Succeeding in data science projects — preparation, process and open source

For businesses, investment in machine learning, artificial intelligence (AI) and data science is growing. There is huge potential around data science to create new insights and services for internal and external customers. However, this investment can be wasted if data science projects don’t fulfil their promises. How can we make sure that these projects succeed?

Where we are today

According to McKinsey, around half of all the companies they served have adopted AI in at least one function, and there is already a small cohort of companies that can ascribe at least 20% of their earnings before interest and taxes to AI. Around $341.8 billion will be spent on AI solutions during 2021, a rise of 15.2 percent year over year, according to IDC.

IDC also found around 28% of AI and ML initiatives have failed so far. Based on the figure above, that would equate to $88.1 billion of spend on tooling associated with failed projects. The analyst firm identified reasons for this including the lack of staff with necessary expertise, and a lack of production-ready data as reasons for this. Alongside this, feeling unconnected and lacking an integrated development environment was another reason for projects not being successful.

To improve your chances of success around your projects, it is worth spending time to look at how data science works in practice, and how your organisation operates. While it includes the word ‘science’ in its title, in fact data science requires a blend of both art and science in order to produce the best results. Using this, it’s then possible to examine scaling up the results. This will help you successfully turn data science results into production operations for the business.

At the most simple level, data science involves coming up with ideas and then using data to test those theories. Using a mix of different algorithms, designs and approaches, data scientists can seek out new insights from the data that companies create. Based on trial, error and improvement, the teams involved can create a range of new insights and discoveries, which can then be used to inform decisions or create new products. This can then be used to develop machine learning (ML) algorithms and AI deployments.

Hot topics and emerging trends in data science

We gauged the perspectives of experts in data science, asking them about the biggest emerging trends in data science. Read here

Improvement #1 – know the expectations around business goals

The biggest risk around these projects is the gap between business expectations and reality. AI has received a huge amount of hype and attention over the past few years. This means that many projects have unrealistic expectations.

Unrealistic expectations can be in scope, speed, and/or technologies. Great project managers understand how to navigate challenges in scope and speed; it is the misinterpretation of the promises of AI technologies which have been causing the biggest problems for new projects.
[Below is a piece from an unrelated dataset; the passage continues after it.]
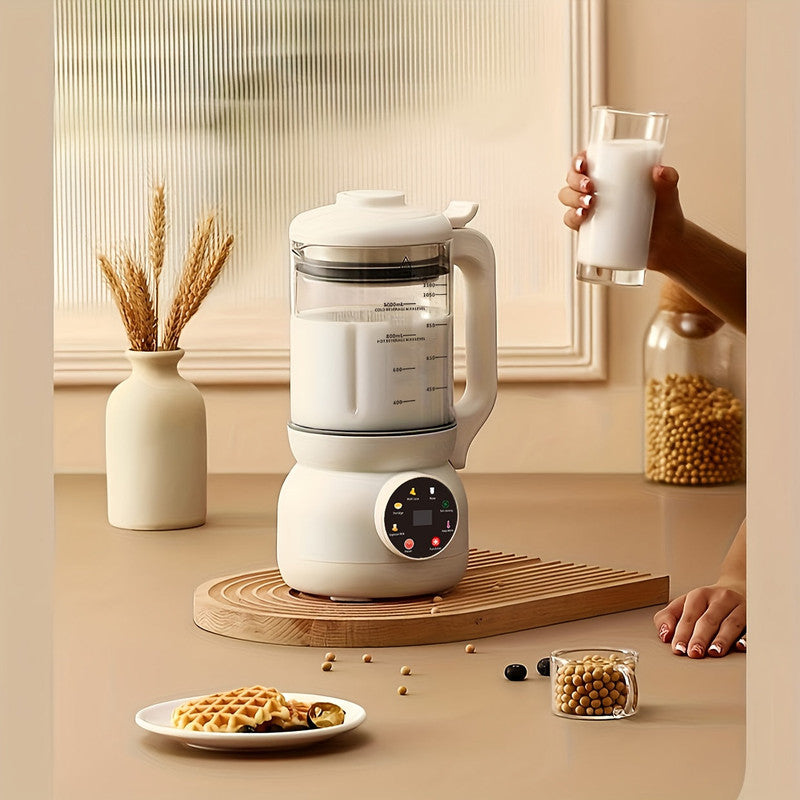 Automatic Nut Milk Maker with Rotating Cleaning Brush, 600W Motor, Delay Start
Rather than being focused on improving a process or delivering one insight, AI gets envisioned as changing how a company runs from top to bottom, or that a single project will deliver a change in profitability within months.

To prevent this problem, it’s important to set out how your projects will support overall business goals. You can then start small with projects that are easy to understand and that can show improvements. Once you have set out some ground rules around what AI can deliver – and punctured the hype balloon around AI to make this all ‘business as usual’ – you can keep the focus on the results that you deliver.

Improvement #2 – make your team part of the overall process

Another big problem is that teams don’t have the necessary skills to translate their vision into effective processes. While the ideas might be sound, a lack of understanding around the nuances of applying machine learning and statistics in practice can lead to poor outcomes. This issue is also due to the hype around AI and ML – the demand for data science skills means that there is a lot of competition for those with experience, while even those starting out can command big salaries. This lack of real world experience is what can lead to problems over time.

Even with a realistic vision and experienced staff in place, AI projects can still fail to deliver results. In this case, the reason is normally that poor processes, inconsistent communication, and gaps between teams exist.

To prevent these kinds of problems, it’s important to establish a smoothly operating engineering culture that weaves data science work into the overall production pipeline. Rather than data science being a distinct team, work on how to integrate your data scientists into the production deployment process. This will help minimise the gap from data research and development to production.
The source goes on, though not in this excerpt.